А может, ему надо было взять тот же пистолет и разобраться с губителями? Вроде не робкого десятка был человек, и глубину падения отечественной культуры понимал. И знал Фадеев то, что еще не знали другие – вспомним о его взаимоотношениях с Булгаковыми. И текст романа был ему известен еще до войны. Когда (лишь в 1956 году) его друг Твардовский прочел «Мастера и Маргариту», он был потрясен: «Его (Булгакова) современники не могут идти ни в какой счет с ним» (54). Конечно, эти люди понимали, какой урон понесла отечественная литература. Государственничество, вполне уместное в искусстве 1930-х, необходимое в 1940-х, к середине 1950-х выродилось в довольно пошлую, хотя и пышную, декорацию. Вместо ожидаемого развития получился застой.

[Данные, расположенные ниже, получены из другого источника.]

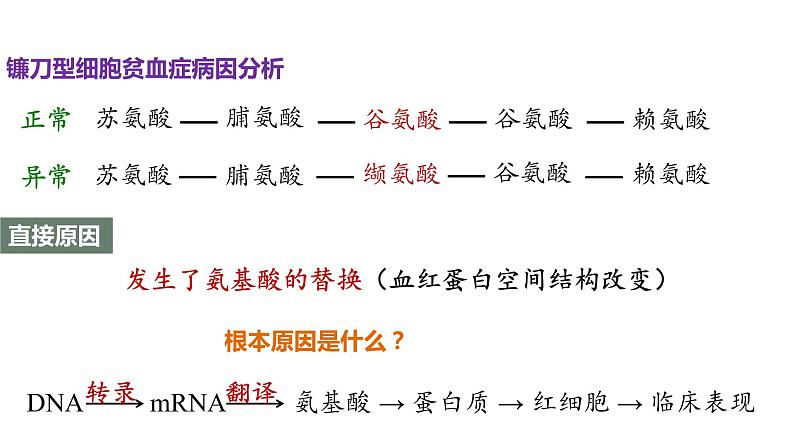 （人教版2019必修2）高一生物同步练习 5.1 基因突变和基因重组（教学课件）第7页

Глубокое отчуждение интеллигенции и власти в конце правления Сталина – как результат репрессий, послевоенных разочарований и разоблачительных компаний – оказалось непреодолимым. Но далеко не всегда литературные ценности разделяет народ. В глазах народа миф о Сталине – преобразователе и победителе – живет и, к ужасу либералов, не тускнеет. Е. Евтушенко: «Когда объявили о смерти Сталина, моя будущая жена заявилась на Красную площадь и, на радостях пьяная, начала выкаблучивать “цыганочку” прямо перед мавзолеем, вырываясь из рук своего первого мужа, который еле спас ее от “народного гнева” тех, кто в этот день плакал» (55). Автор берет «народный гнев» тех, кто плакал, в кавычки. И со своими единомышленниками – в ответ на свое высокомерие – получил от народа непреходящее отвращение. Тоже, кстати, незаслуженное.

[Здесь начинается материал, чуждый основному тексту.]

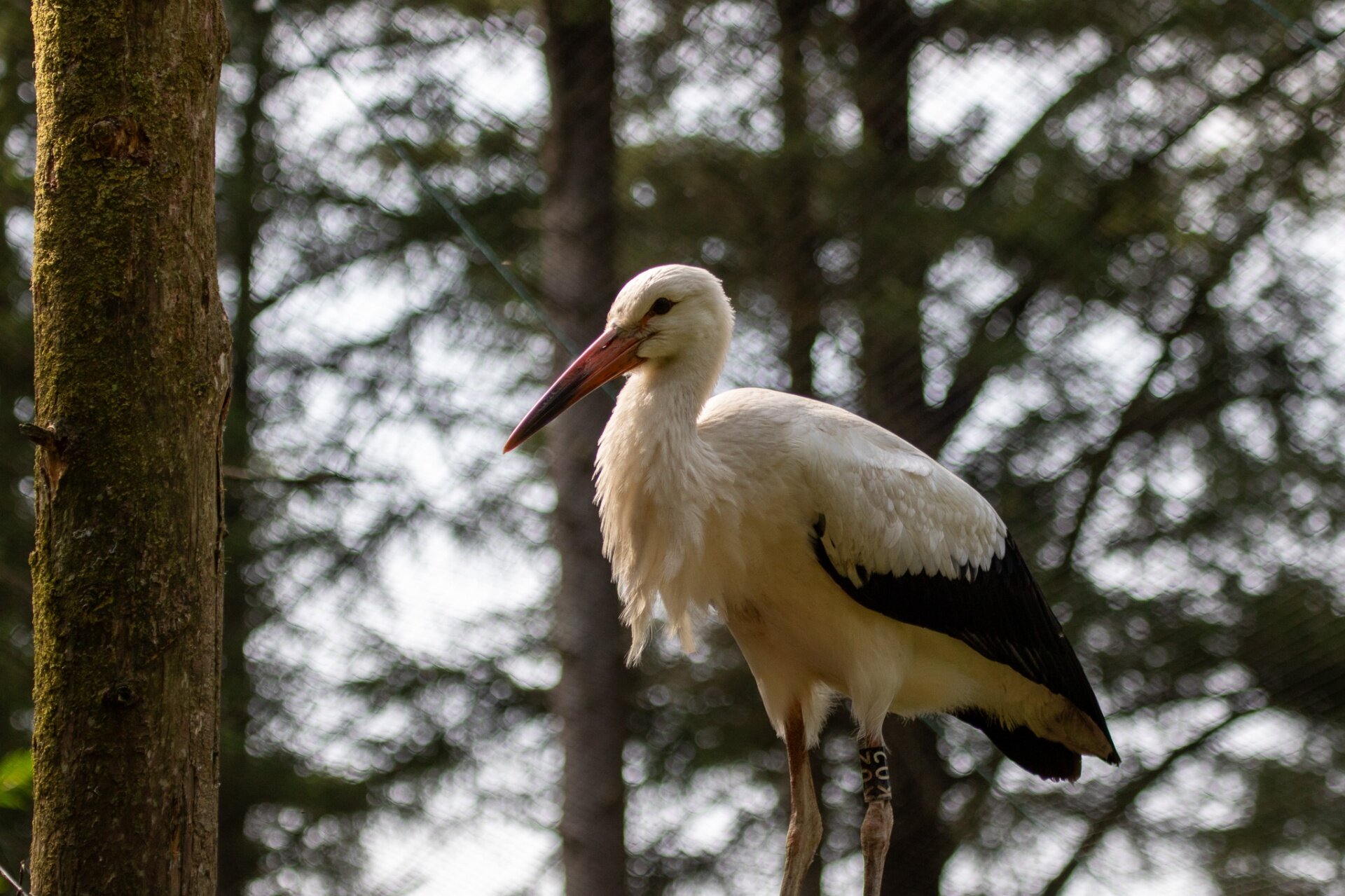 K02, a White Stork from the project, wearing its black identification ring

М. Ромм вспоминает, что после смерти Сталина и ХХ съезда, когда он в Грузии надевал свои знаки Сталинского лауреата (с профилем вождя), люди их целовали, прямо у него на груди. Это Грузия сейчас такая демократическая, это они сейчас памятник Иосифу Виссарионовичу демонтировали. А тогда грузинский народ на защиту Сталина (Сосо Джугашвили) поднялся единодушно. И грузинские студенты первыми вышли на улицы с лозунгами в его защиту, и несколько дней в Тбилиси, Гори, Сухуми, Батуми, Кутаиси шли непрерывные митинги [217] 9 марта 1956 года несколько десятков тысяч митингующих от набережной реки Куры у монумента Сталину спустились по Александровскому спуску к Дому Связи на проспекте Руставели. Солдаты, охранявшие здание, подверглись избиению. Кто-то из солдат, защищаясь, открыл стрельбу вверх, в потолок, и пули рикошетом отскочили от бетона. В создавшейся неразберихе кто-то из солдат стрелял и в толпу. В те дни в Тбилиси погибли люди – двадцать один человек.

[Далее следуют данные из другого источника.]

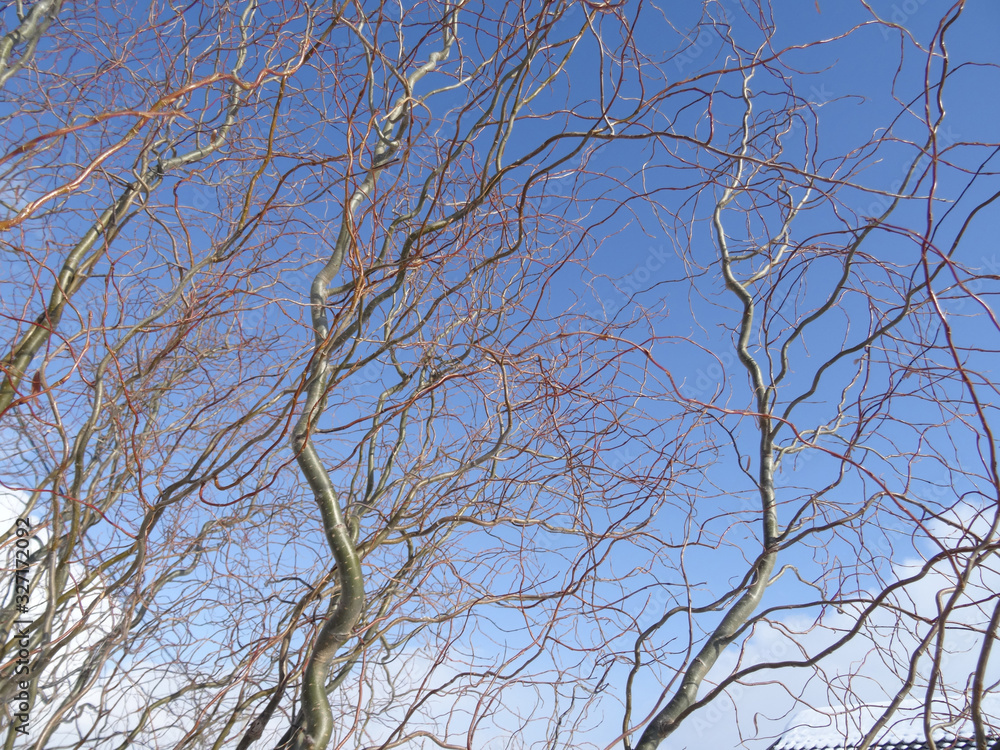 twisting willow branches against the blue sky and clouds twisting willow branches against the blue sky and clouds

. Под влиянием тех мартовских волнений 1956 года возникла молодежная подпольная организация, в которой участвовал сын известного грузинского писателя Константина Гамсахурдия, будущий диссидент и президент независимой Грузии Звиад Гамсахурдия. Парадокс – многие антисоветские организации организовывались на фоне ультрасовестких, просталинистских настроений масс, характерных для хрущевской эпохи. А потому узок был круг этих революционеров и страшно далеки оказались они от народа.